**Task statement**: All lines with the word "Kids" in the material below are required.

**Input data**:
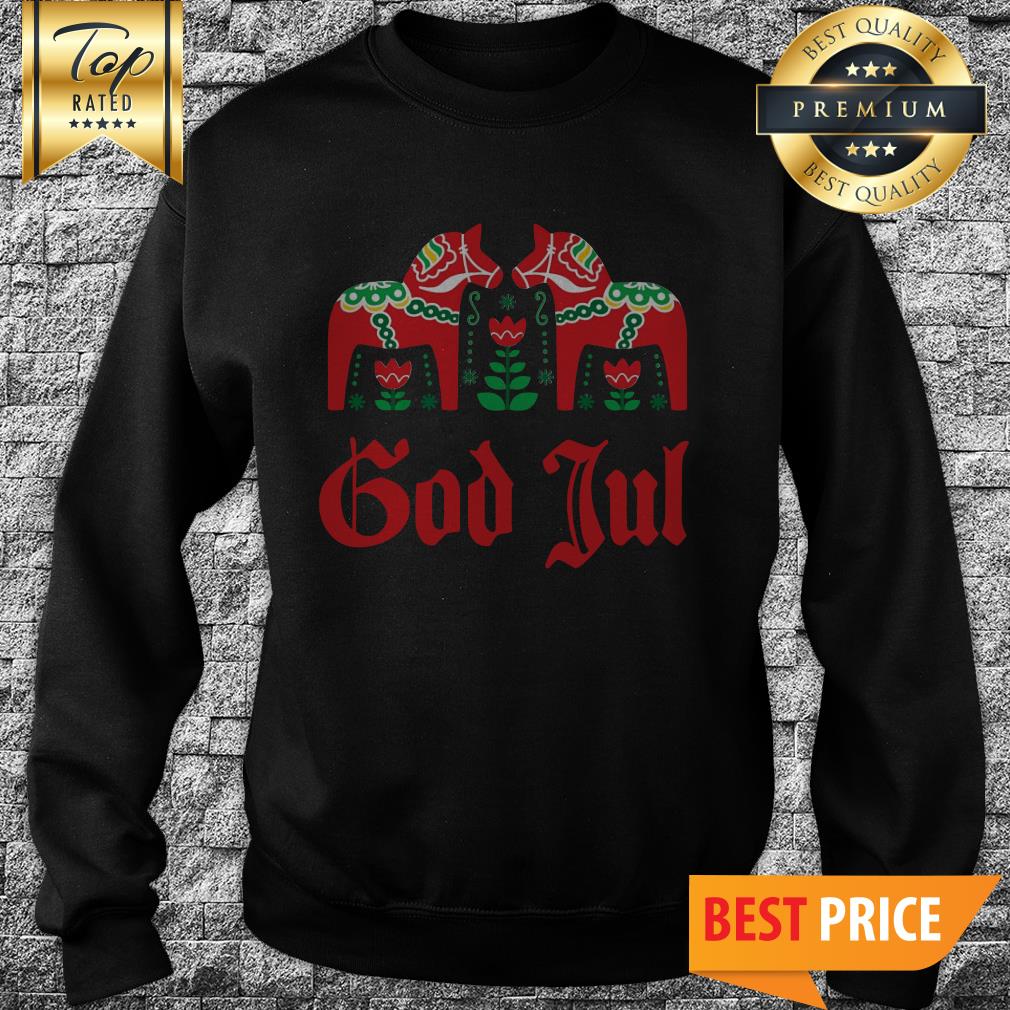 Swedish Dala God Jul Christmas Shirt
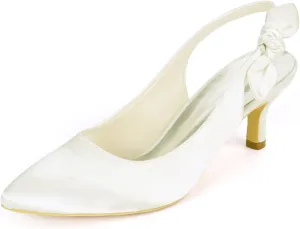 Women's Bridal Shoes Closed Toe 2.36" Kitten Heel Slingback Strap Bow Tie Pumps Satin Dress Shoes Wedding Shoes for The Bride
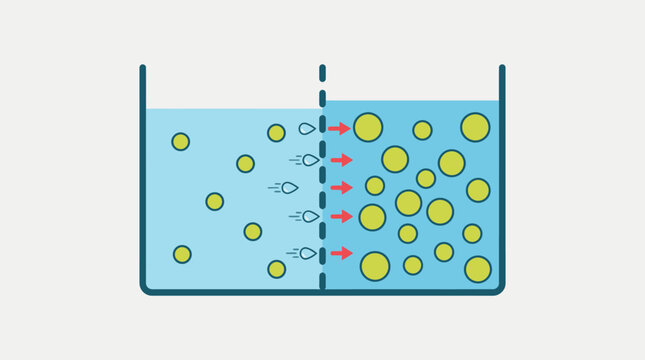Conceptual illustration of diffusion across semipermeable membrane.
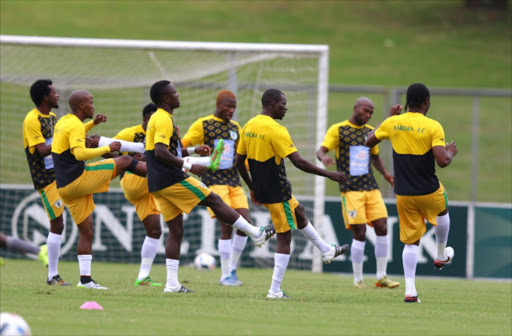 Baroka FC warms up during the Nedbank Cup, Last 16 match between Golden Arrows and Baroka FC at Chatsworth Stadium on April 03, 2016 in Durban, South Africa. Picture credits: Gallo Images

==

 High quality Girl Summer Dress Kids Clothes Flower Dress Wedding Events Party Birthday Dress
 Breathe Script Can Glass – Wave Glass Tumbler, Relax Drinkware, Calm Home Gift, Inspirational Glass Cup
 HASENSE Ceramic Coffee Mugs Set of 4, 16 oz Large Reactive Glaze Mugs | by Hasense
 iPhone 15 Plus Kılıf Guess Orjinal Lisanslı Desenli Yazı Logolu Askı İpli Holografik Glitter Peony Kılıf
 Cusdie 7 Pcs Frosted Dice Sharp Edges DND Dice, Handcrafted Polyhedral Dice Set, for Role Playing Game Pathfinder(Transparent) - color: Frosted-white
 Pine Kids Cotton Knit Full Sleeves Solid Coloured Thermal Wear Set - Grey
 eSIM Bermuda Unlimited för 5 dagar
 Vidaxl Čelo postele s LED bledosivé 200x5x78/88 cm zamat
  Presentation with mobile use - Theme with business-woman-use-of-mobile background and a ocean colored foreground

**Result**:
 High quality Girl Summer Dress Kids Clothes Flower Dress Wedding Events Party Birthday Dress
 Pine Kids Cotton Knit Full Sleeves Solid Coloured Thermal Wear Set - Grey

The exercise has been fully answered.